Liberal intellectual Mao Yushi is relentless in his pursuit of greater freedoms for the Chinese people. Photo: Sanghee Liu

You might think that after enduring a mass hate campaign, including threats of blackmail and brutality, it would be time for an 82-year-old intellectual to consider taking a backward step.

But that would underestimate the fortitude of Mao Yushi, an important mentor for several leading liberal economists, as well as the conviction he shares with thousands of other active Chinese liberals that history is on his side.

”I feel human history keeps progressing,” said Mr Mao, in an interview in his apartment in West Beijing.

Mr Mao lamented China’s backsliding on economic reforms and its recent surge of political repression.

He dismissed the country’s incoming leaders as being beholden to the current ones and for being focused only on protecting the Communist Party regime.

And he said officials and wealth have fused together into formidable vested interests that resist reform.

But he is nevertheless convinced that the country is on the brink of democratic change. ”I don’t know how it will happen but I feel confident,” he said. ”We will witness reform in the next five to 10 years.”

The rolling revolutions that have toppled dictatorships in Tunisia, Egypt and Libya have accentuated the confidence of Chinese liberals and also the insecurities of Chinese leaders. The international instability has prompted the Communist Party’s security apparatus to significantly step up crackdowns and campaigns against liberal professionals and activists.

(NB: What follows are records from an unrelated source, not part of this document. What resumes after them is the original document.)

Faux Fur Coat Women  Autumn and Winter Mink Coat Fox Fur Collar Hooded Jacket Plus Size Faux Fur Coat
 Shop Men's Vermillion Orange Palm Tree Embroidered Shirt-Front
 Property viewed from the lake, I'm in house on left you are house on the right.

But much of the repression and extrajudicial brutality against China’s amorphous liberal movement seems to have made it stronger. Dissident artist Ai Weiwei was released from his 81 days in jail on condition that he does not speak to foreign media or send messages on his Twitter account, but lately he has been doing both.

This week, after authorities told Ai he had to pay a dubious 15 million yuan ($A2.3 million) tax bill in 15 days, hundreds of supporters donated more than 6 million yuan to help him pay it.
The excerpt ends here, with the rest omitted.